On those occasions when we feel it would be appropriate to say something, we can simply point out what we’ve seen and allow the child to decide how to feel about it (rather than telling her how). A simple, evaluation-free statement lets a child know that you noticed. It also lets her take pride in what she did. …

… If a child does something caring or generous, you might gently draw his attention to the effect of his action on the other person. This is completely different from praise, where the emphasis is on how you feel about his sharing.

Finally, even better than descriptions are questions. Why tell him what you thought of what he did when you can ask him what he thinks? That’s likely to promote useful reflection about why it may be better to act one way than another. Questions you ask about something he wrote or drew or made, meanwhile, invite him to consider what he succeeded in doing and how he did it. This can spur further improvement and nourish his interest in the task itself. The research, remember, suggests that praise may have exactly the opposite effect, directing his attention away from the task and toward your reaction.

Recently, I found myself at a crafts activity sponsored by a local library in which children were invited to create snowflakes out of pipe cleaners and beads. A boy of about four or five sitting near me showed his mother what he had done, and immediately she gushed about how wonderful it was. Then, since I was the only other adult at the table, he held his snowflake out so I, too, could see it clearly. Instead of offering an evaluation, I asked him whether he liked it. “Not so much,” he admitted. I asked why, and he began to explain, his tone suggesting genuine interest in figuring out other possible ways he might have used the materials. This is exactly the sort of elaboration and reflection that are stifled when we slather our kids with praise. They tend to stop thinking and talking about what they’ve done as soon as we pass judgment on it.

...

My best advice here is to watch for the impact it has. If you’re in the habit of saying something to your children that could be construed as praise, see if they then look to you for—and seem to need—such comments on a regular basis.
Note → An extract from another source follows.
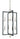 Framburg Minimalist Elegant 8 - Light Polished Nickel/Matte Black Foyer Chandelier 5368 PN/MBLACK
Try to figure out whether their intrinsic motivation (their commitment to an action or their interest in a given activity) seems to have lessened as a result of these kinds of statements from you.
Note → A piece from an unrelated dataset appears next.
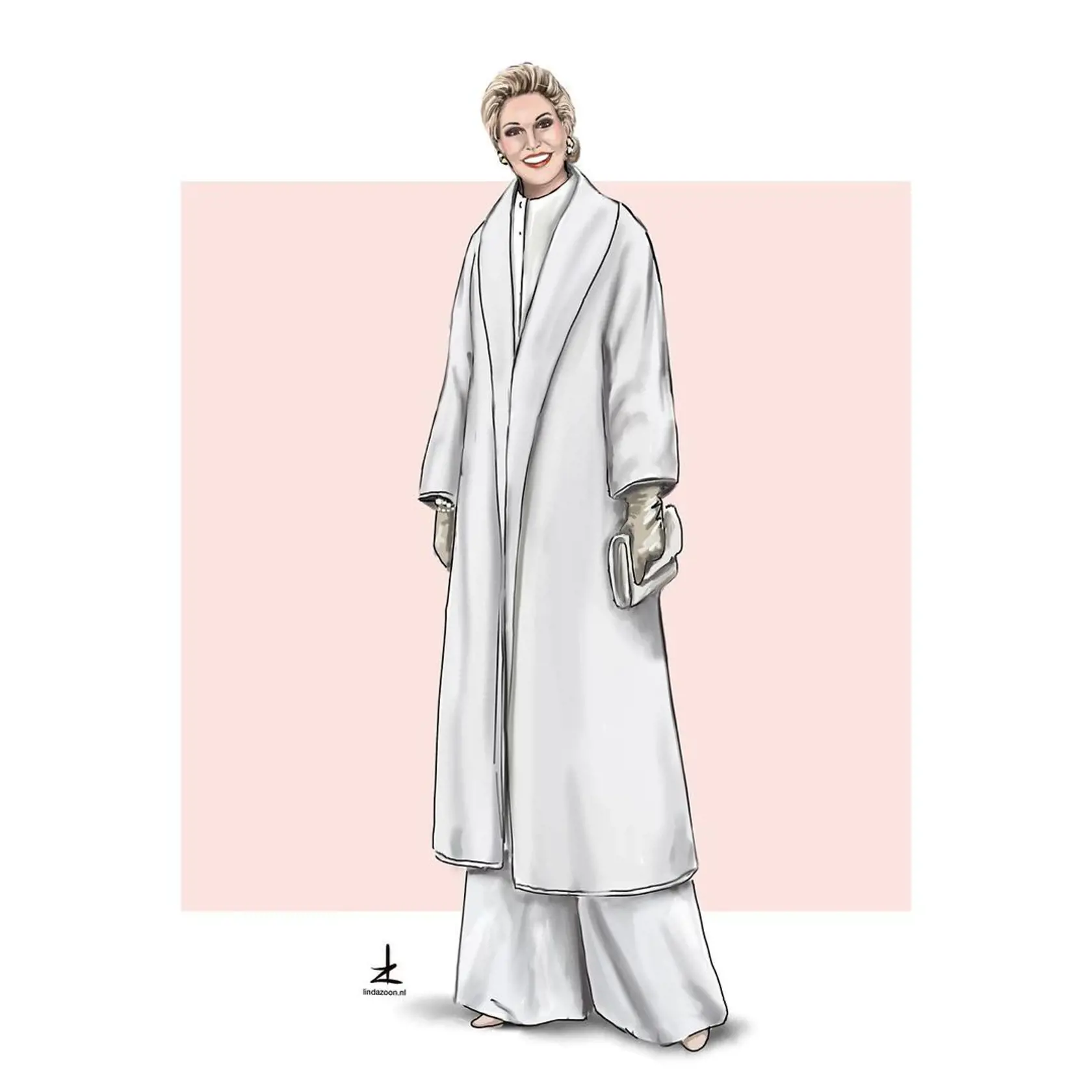 Kráľovná Máxima bola neprehliadnuteľná v nohavicovom kostýme z dielne belgického módneho domu Maison Natan Couture a dlhom vlnenom kabáte značky Massimo Dutti.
In short, I’m not suggesting that we stop saying positive things to our children. But I am saying that we should look at the underlying significance of what we say, and how it’s heard, rather than just trying to use or avoid specific words. If children perceive that we’re simply joining with them to celebrate their accomplishments, that’s fine. But if they perceive that we’re imposing our evaluations on them, this can easily crowd out their own instincts about when and why to feel proud of themselves. Pretty soon they may come to define the value of what they do in terms of whether it elicits our approval—or, later, the approval of other people in authority.


The rest of the excerpts in this section are from earlier in the chapter, i.e., from before the excerpts above.
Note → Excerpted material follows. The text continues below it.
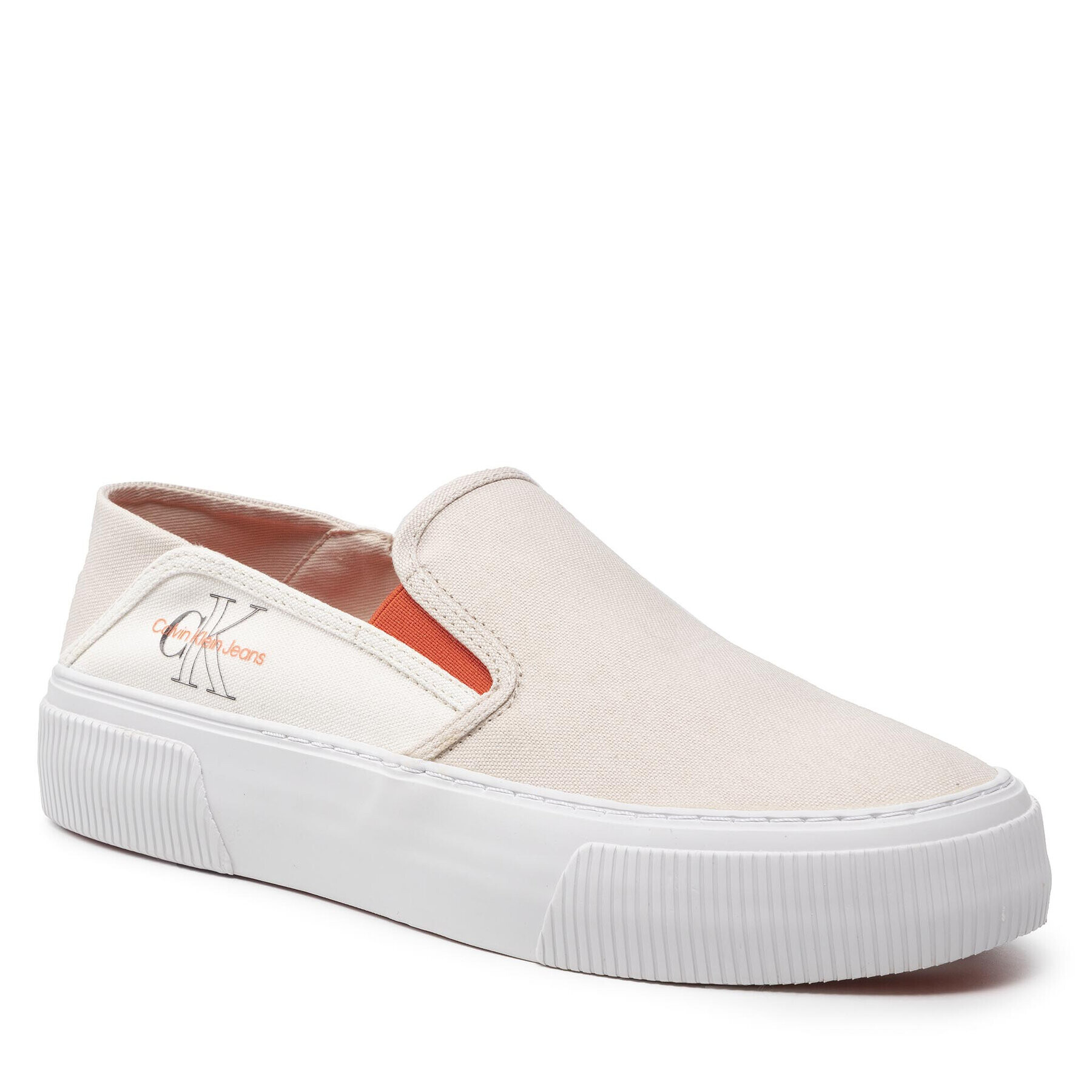 Calvin Klein Jeans Teniszcipő Skater Vulcanized Slip On YM0YM00313 Bézs - Pepit.hu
… give them affection (which they need) without limit, without reservations, and without excuse. Pay as much attention to them as you can, regardless of mood or circumstance. Let them know you’re delighted to be with them, that you care about them no matter what happens. [The author notes that this basic posture is completely different from praise that involves deliberately saying something to produce a desired effect (rather than responding authentically and spontaneously to what a child has done).]

...

... to communicate in many different ways that our basic acceptance of them is a given, a rock-solid core beneath whatever we happen to be feeling, and they happen to be doing, today.

... I’m not saying you can’t be proud of a particular accomplishment. ... You can take special delight when your child does something remarkable, but, again, not in a way that suggests your love hinges on such events. If you strike that balance correctly, children are less likely to grow up feeling they’re worthwhile only when they succeed. They’ll be able to fail without concluding that they themselves are failures.